NASA engineers opted to skip Monday's planned orbital maintenance burn because Orion was already on the right trajectory in DRO. NASA is looking at adding seven more test objectives focusing on the spacecraft's thermal environment and propulsion system. The next major tests will be evaluated during entry, descent, splashdown and recovery. So far, 37% of test objectives have been accomplished or are in the process of being so.
As of Monday, approximately 5,640 pounds of propellants have been used, up from 3,715.7 pounds of propellant used by last Monday. NASA says Orion has currently used about 150 pounds less propellant than prelaunch expected values. It also has more than 2,000 pounds of margin beyond what teams plan to use for the Artemis I mission.
On Sunday, Artemis I team members tested the Orion's star trackers and began another reaction control thruster flight test. Orion's star trackers and inertial measurement units – which consist of gyros and three accelerometers – are critical parts of Orion's guidance, navigation and control system. The star trackers are important for measuring the positions of stars to help determine the spacecraft's orientation. The inertial measurement units help compute Orion's position, velocity, and attitude.
NASA teams on Sunday also tested the Callisto payload onboard Orion. Lockheed Martin teamed up with Amazon and Cisco for the Callisto video comms and AI voice setup, which is located in Orion's cabin. NASA is testing the Alexa voice-activated assistant and Cisco WebEx video technology in a deep space environment.
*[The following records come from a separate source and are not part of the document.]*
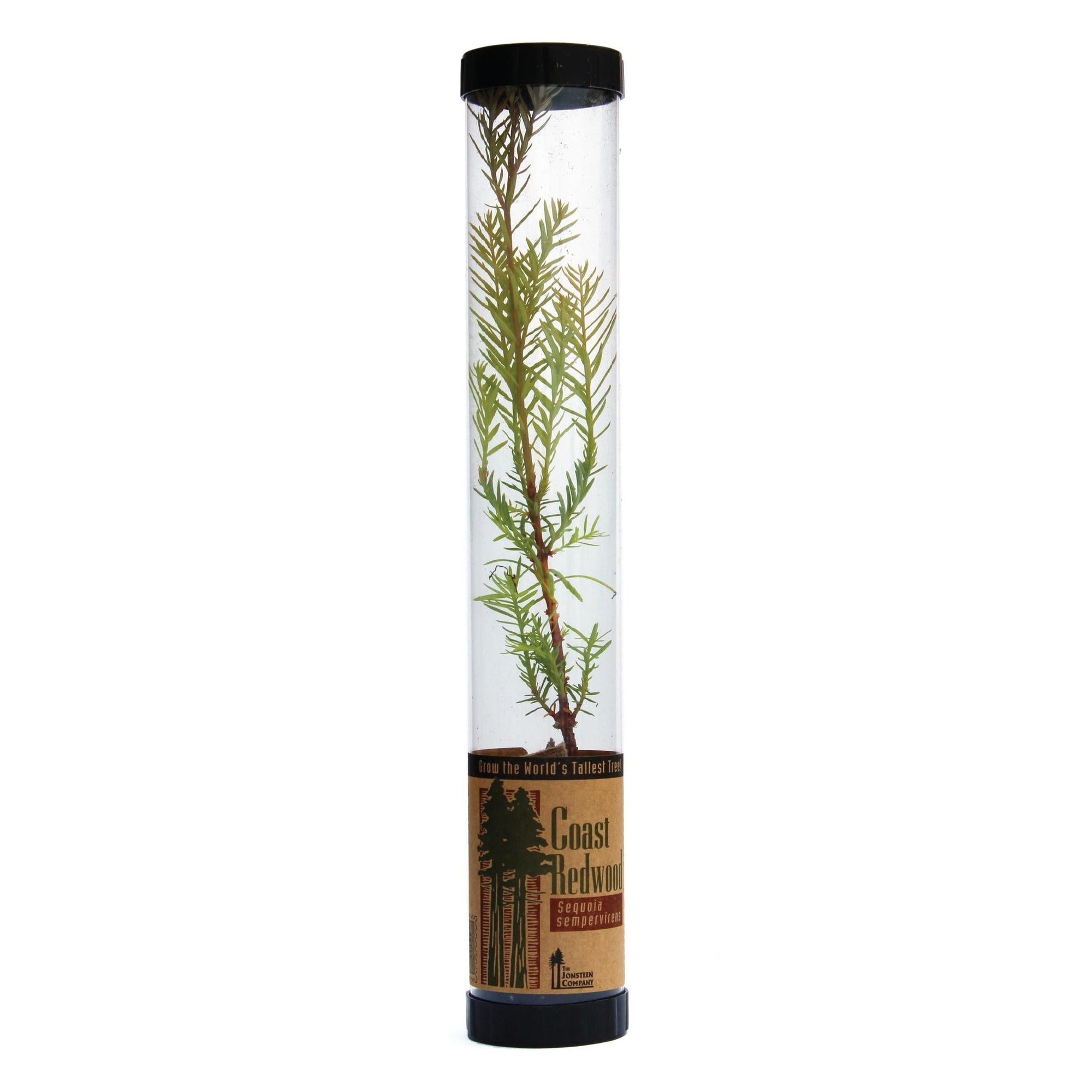 Packaged Live Tree |Coast Redwood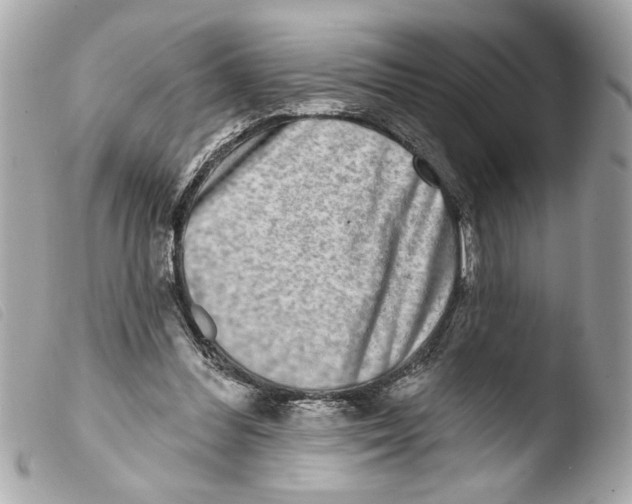 X0000103470300200810100941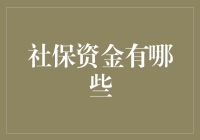 社保资金管理：多元化资金来源与监管策略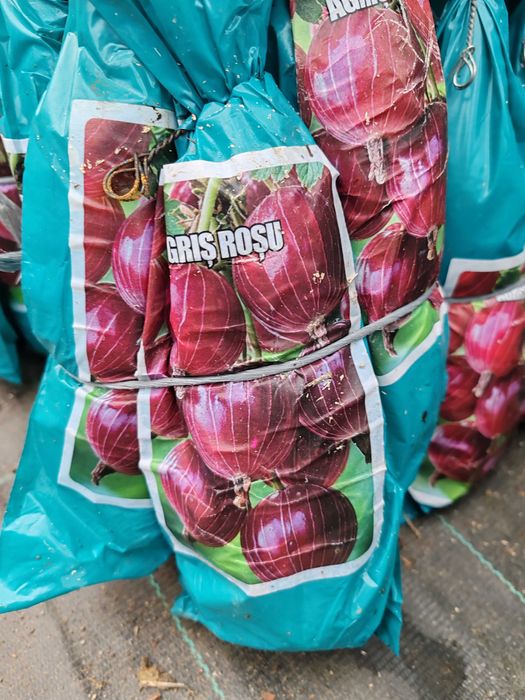 butasi de fructe de padure ambalati si etichetati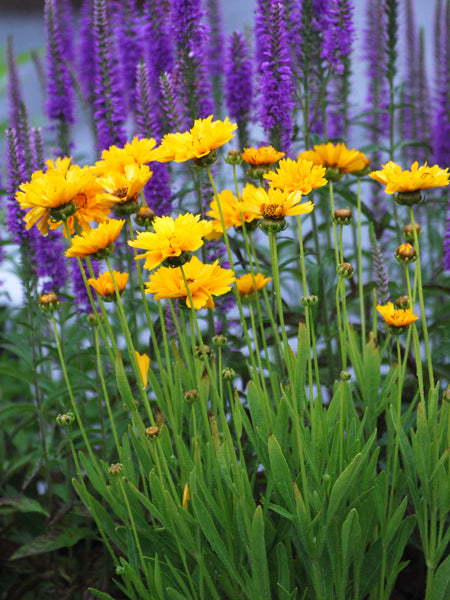 Coreopsis grandiflora 'Early Sunrise' (Tickseed)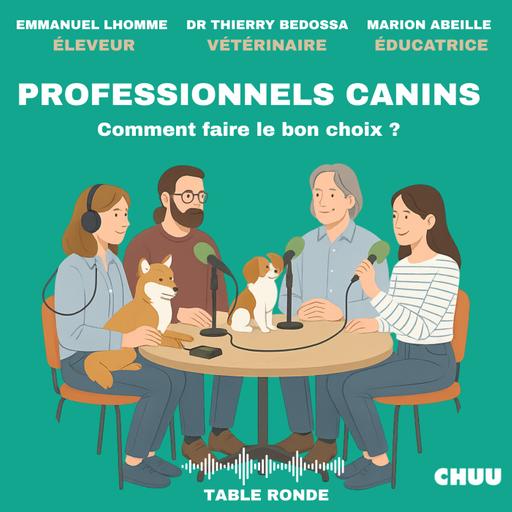 Trouver le bon pro pour son chien : éleveur, éducateur, vétérinaire ?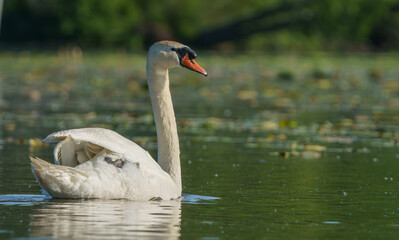 Swan gracefully moving around lake in morning light.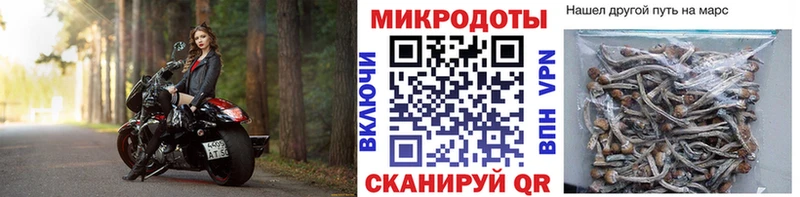 Псилоцибиновые грибы мухоморы  Невельск 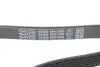 Ремінь генератора Opel Astra 1.7 CDTI 04-14 DAYCO 6PK1606 (фото 4)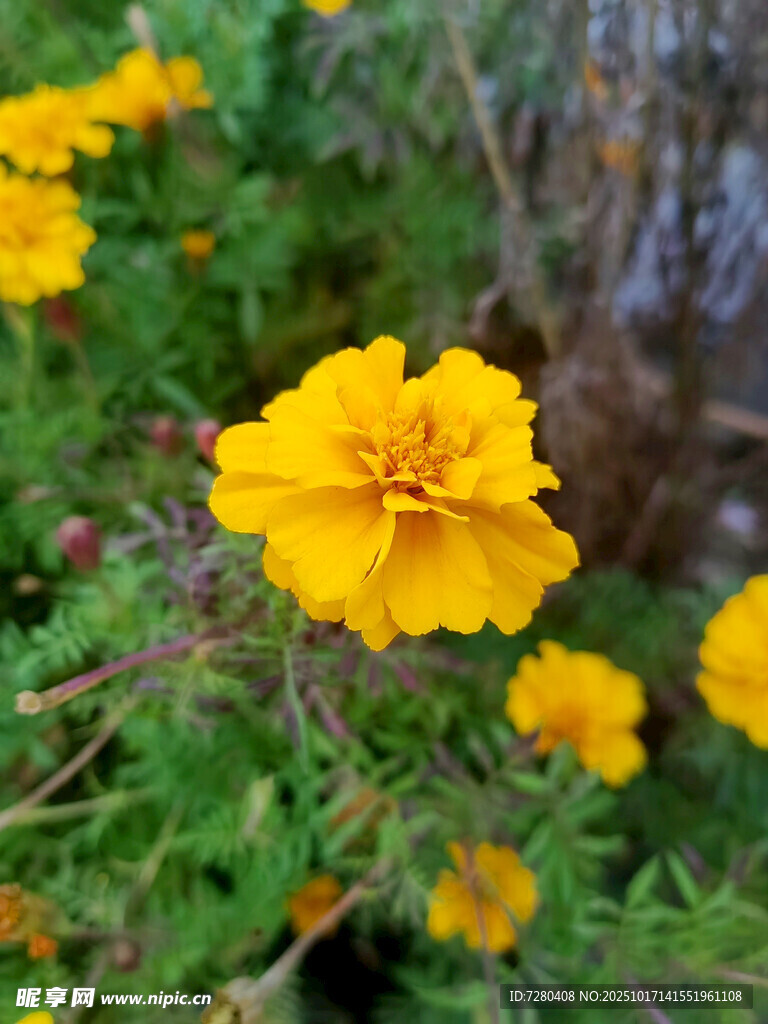 绽放的黄色万寿菊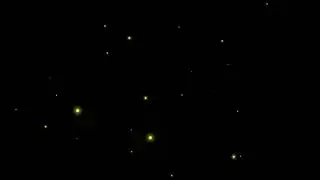 Firefly Effect | After Effects Firefly Effect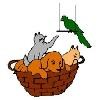 Noah's Ark Animal Hospitals Logo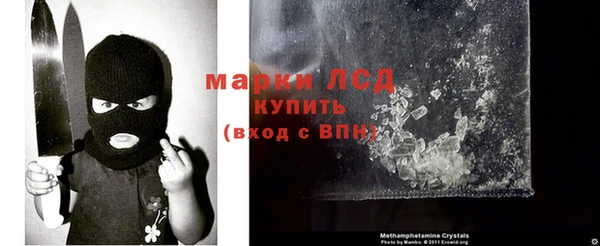бошки Белокуриха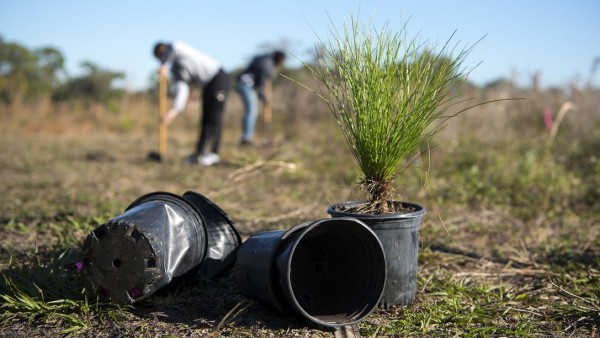Voluntarios plantando árboles Voluntarios plantando árboles
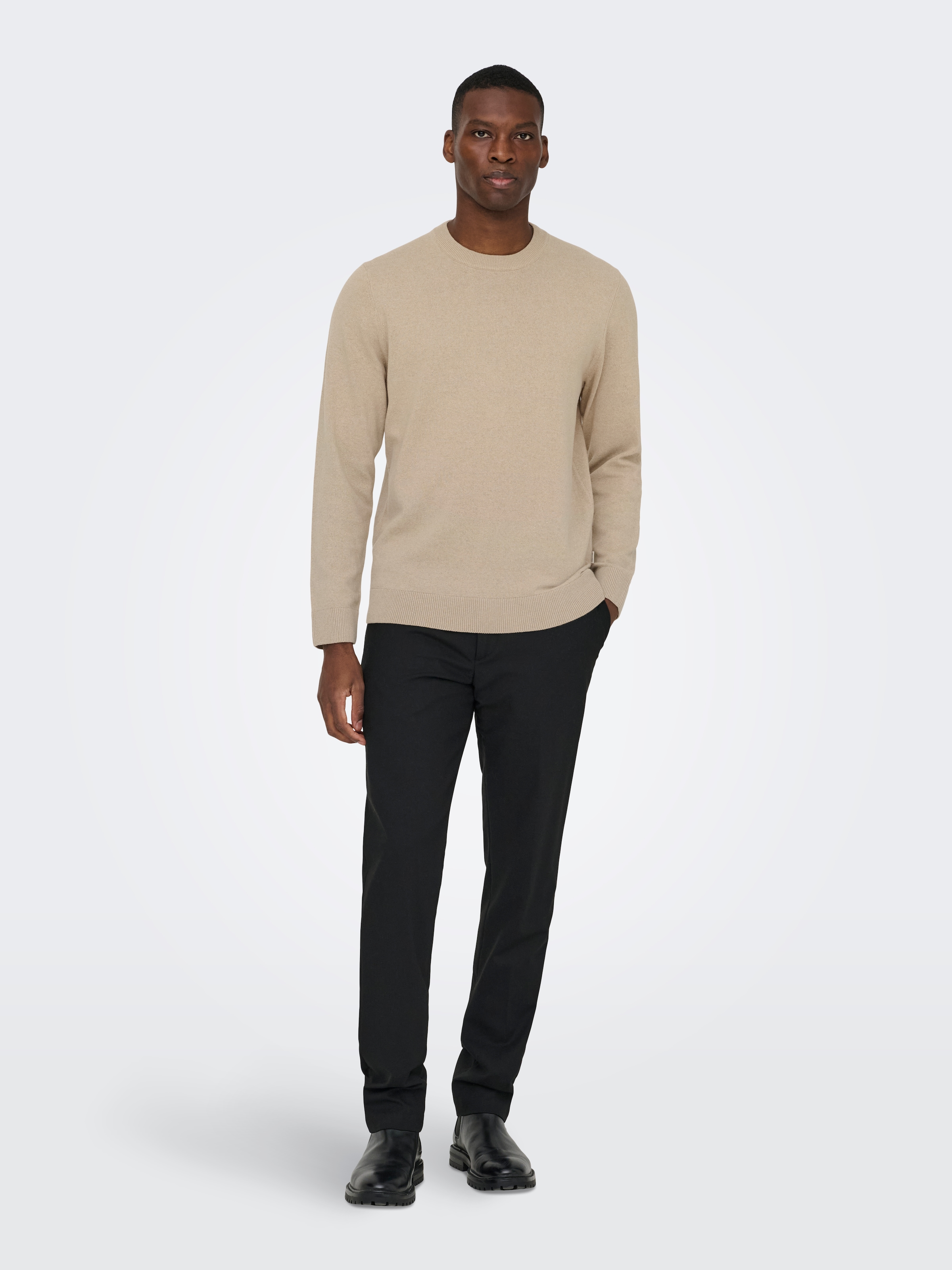 ONLY & SONS Rundhalspullover »ONSREX LIFE REG 12 CREW KNIT«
NASA planned to transmit video and audio from Mission Control Center at Johnson to Orion where video of the participants is displayed on a tablet and audio from a speaker, to test how this custom version of Alexa performs. Since Alexa in space can't quickly process information in the cloud on Earth, Callisto uses NASA's Deep Space Network and a local database aboard the spacecraft to communicate with Alexa and respond.